Ultras or Eating Competitions: Eating for Ultramarathons

The science of gastrointestinal-tract function, training, and distress in endurance running.

By on March 19, 2019 | Comments

You’ve likely heard the adage, “Don’t try anything new on race day.” But if you’ve run a long ultramarathon, you’ve probably also experienced having to throw nutrition plans A, B, and C out the window, which leaves you, well, trying something new. I personally have discovered the wonders of a mile-80 quesadilla when nothing else tasted good, and run on banana halves and Coke because my stomach was doing what felt like backflips.
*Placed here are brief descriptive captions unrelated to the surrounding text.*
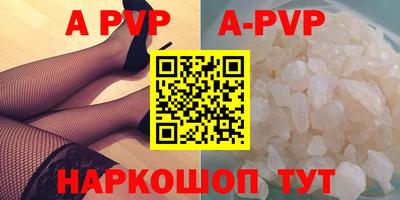 кокаин перу Краснодар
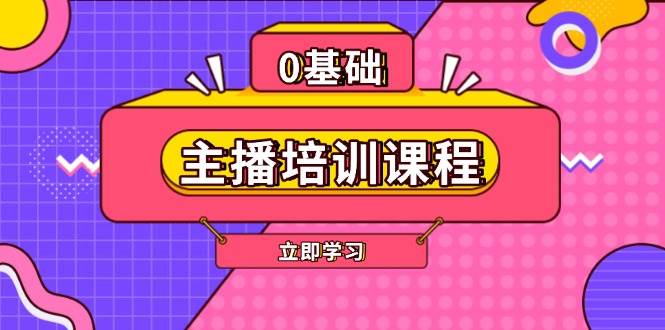 主播培训课程：AI起号、直播思维、主播培训、直播话术、付费投流、剪辑等-淘米帮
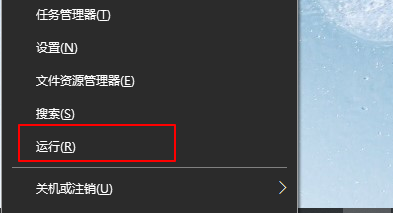 Win8系統如何校正屏幕顏色？Win8系統校正屏幕顏色的方法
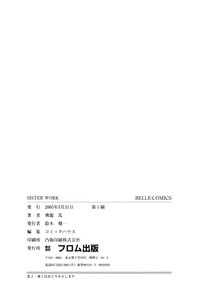 第193頁圖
More often than not, it is your nutrition strategy that goes wrong when you’re racing.

The reason why is multifactorial, but simply put, your gastrointestinal (GI) tract is incredibly complex and chock-full of individual nuances which can make it your secret weapon and worst enemy. In fact, one out of every two to three runners experience GI distress during training and/or racing (1). So how do you make sure GI distress doesn’t stop you in your tracks? In this article, we discuss how our incredible GI system works in general as well as during training and races. With this article, we aim to provide you with the tools to train and fuel your gut so that come race day you don’t spend half of your race in the bushes.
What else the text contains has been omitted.